The US dollar gave up its gains early on Friday as traders settled their positions before month’s end and a holiday weekend after seeing new economic data confirming expectations for US inflation and the recovery of the COVID-19 pandemic.
The U.S. dollar index of major currencies rose 0.4% during the day in a strong rebound from four-and-a-half-month lows reached on Tuesday before falling flat for the day and week to 89, 99.
The end with little change was a break with the downward trend since March which had taken 3 percent of the value of the US dollar as other major economies began to catch up with vaccination rates in the United States.
At the same time, the central banks of some other countries seemed likely to act faster than the US Federal Reserve to move away from easy monetary policies and let interest rates rise.
The euro rose 0.05% to US $ 1.22 on Friday afternoon, from a four-month high of US $ 1.2266 earlier in the week.
The British pound remained stable at US $ 1.4199, continuing its recent struggle to stay above US $ 1.42.
In Taipei, the new Taiwan dollar rose against the greenback, rising NT $ 0.055 to close at NT $ 27.767, up 0.6% for the week.
The US and UK have public holidays tomorrow.
The US economic data had been considered the big scheduled news for the week, but it didn’t move the bond and stock markets much when it was released in the morning.
Data showed that consumer prices last month rose well beyond the US Federal Reserve’s 2% annual rate target.
The inflation readings had been widely anticipated and should not have an impact on the policy of the Fed, which viewed recent price increases as adjustments to reopen the economy.
The next big event for the markets is the Fed’s monetary policy meeting on June 15-16, which could provide clues to rising US interest rates.

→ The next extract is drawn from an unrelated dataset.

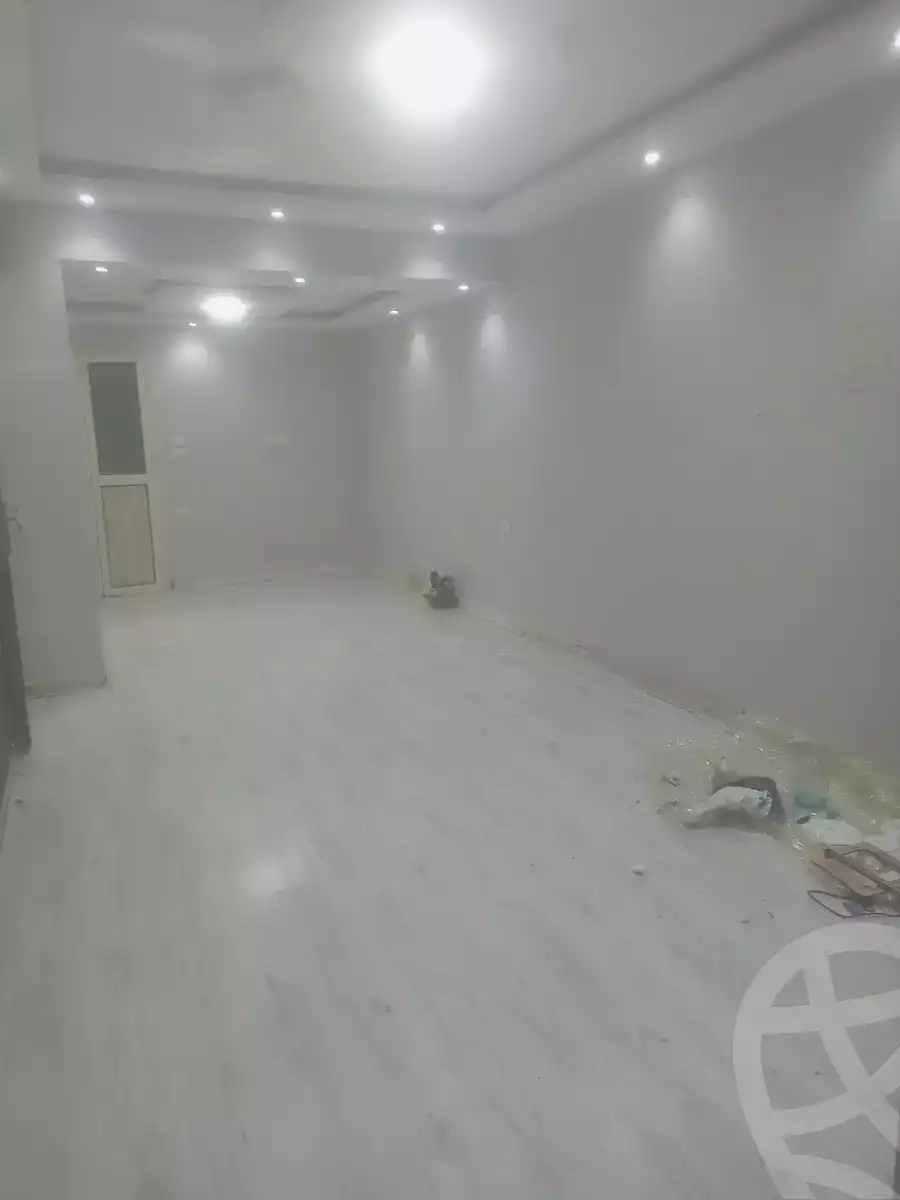 https://aqarmap.com.eg/ar/listing/5909296-for-sale-cairo-helwan-hadayek-helwan-el-khashab-canal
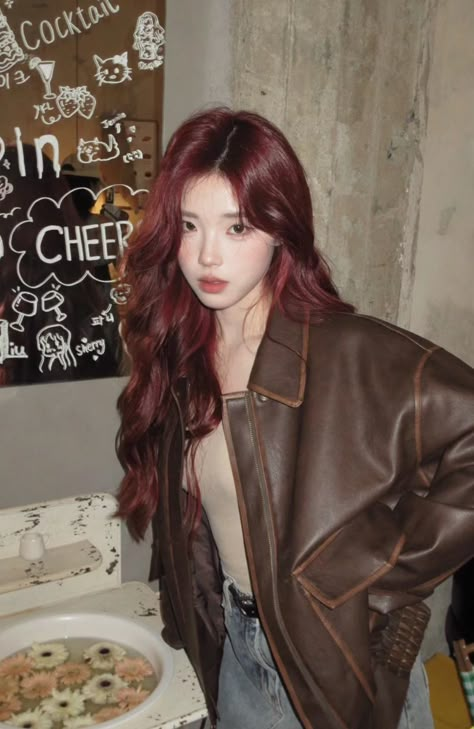 Red Brown Hair On Pale Skin, Dark Red Hair With Orange Highlights, Red Asian Hair, Red Hair Outfit Ideas, Red Hair Cherry, Short Hair Layers, Red Hair Korean, Cherry Red Hair Color, Fine Hair Styles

Fed officials could show projections for stronger economic growth. This would indicate that the central bank would reduce its bond purchases and allow long-term interest rates to rise, which would support the US dollar, said Joseph Trevisani, senior analyst at FXStreet.com.
“The Fed is trying to prepare the markets for the inevitability of the cut,” Trevisani said.
The main currency that would likely lose against the US dollar is the Japanese yen, Trevisani said, citing problems with Japan’s recovery from the pandemic, relative to Europe and the UK.
The US dollar appreciated against the yen early on Friday and hit a seven-week high before slowing to show little change on the day. The US dollar last traded around 109.77 ￥ after hitting 110.2 ￥.
The Chinese onshore yuan appreciated to 6.358 per dollar, a three-year high. The US dollar last traded at 6.3616 yuan, down 0.15% for the day.